Todo ello nos hace pensar que en el cerebro humano no existe un único reloj biológico que
marque el tiempo subjetivo, sino quizá diferentes relojes que incluso pueden no estar
sincronizados. De hecho, son muchas las partes del mismo que han sido involucradas en la
percepción del tiempo. Entre ellas podemos citar, además de las cortezas auditiva y visual, la
corteza prefrontal, los ganglios basales e incluso el cerebelo. Una amplia red de neuronas podría
estar entonces implicada en la percepción subjetiva del tiempo. Con todo, hay una cierta
especialización funcional, pues sabemos, por ejemplo, que la corteza visual es necesaria para que
percibamos la duración de una imagen pero no para percibir la de un sonido. Sin embargo, todavía
no sabemos cómo puede representarse en esa o en otras partes de la corteza cerebral el tiempo
percibido para cada evento. El cómo esa representación ocurre podría explicar mucho de lo que
conocemos por experiencia sobre la percepción del tiempo, como el que nos equivocamos más
cuando los tiempos a medir son más largos o, como ya dijimos, cuando no le prestamos suficiente
atención a la duración de lo que sea. El cerebro, en cualquier caso, debe de funcionar bien para
que podamos percibir el tiempo con precisión. Los niños de menos de ocho años tienen una
precisión temporal pobre, debido probablemente a falta de madurez de los circuitos neuronales
que lo permiten, y al llegar la vejez hay también cambios neuronales que hacen que los
marcadores internos se enlentezcan haciendo que el tiempo subjetivo pase más rápido. Es
entonces cuando los años se hacen cortos y la vida en general va más deprisa.

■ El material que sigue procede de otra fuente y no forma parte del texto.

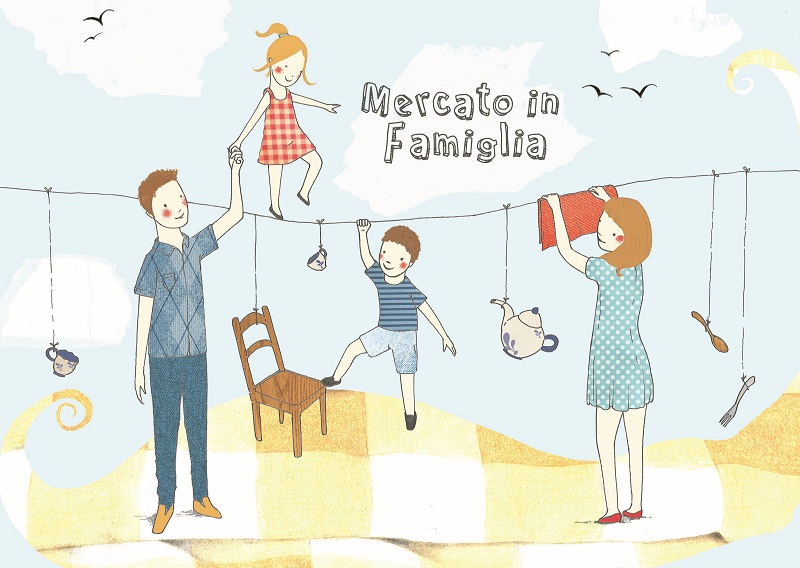 mercato-in-famiglia.jpg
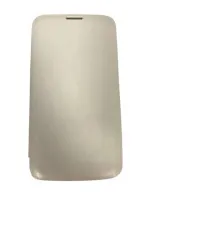 Чохол-книжка 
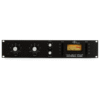 Universal Audio 1176 LN Classic Limiting Amplifier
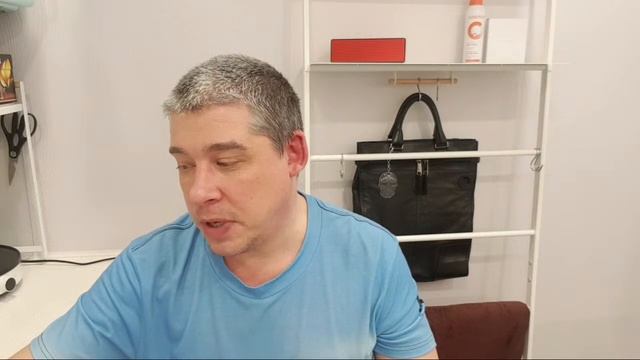 Пруэт 4 👻🎈 смотреть онлайн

Las observaciones y razonamientos anteriores nos ayudan a comprender el valor que tiene la
percepción del tiempo en nuestras vidas. Es por ello que controlar los factores que influyen en esa
percepción resulta muy importante para nuestra salud. Como muy bien ha explicado el profesor
Ramón Bayés (El reloj emocional; Barcelona: Alienta Ed. 2007), gestionar el tiempo interior, es
decir, el que apreciamos subjetivamente, es algo muy importante para conseguir bienestar. El
tiempo que percibimos no siempre coincide con el deseado. A veces queremos que corra y en
muchas ocasiones desearíamos detenerlo. Conocer sus características y razonar sobre los factores
que determinan el tiempo subjetivo puede ayudarnos a equiparar el tiempo que sentimos con el
esperado, o a modificar nuestro sentimiento para adaptarlo al tiempo objetivo, al que marcan los
relojes. Cuando no es así se disparan los sistemas emocionales del cerebro y si ello perdura se
genera un estado de estrés que perjudica nuestra salud. El lector debe recordar que en situaciones
de estrés las glándulas suprarrenales liberan hormonas como el cortisol que dañan el organismo
ya que pueden producir alteraciones cardiovasculares, depresión del sistema inmunológico y
muerte de neuronas en el cerebro. En general no es bueno estar muy pendientes del tiempo. El
trabajo a destajo o contrarreloj es un buen ejemplo, pues cuando se perpetúa puede acabar
castigando al organismo y debilitando la salud somática y mental de quien lo realiza. Controlar
nuestros tiempos o, por lo menos, tener la sensación de que los controlamos, es un factor clave
del bienestar somático y mental de las personas.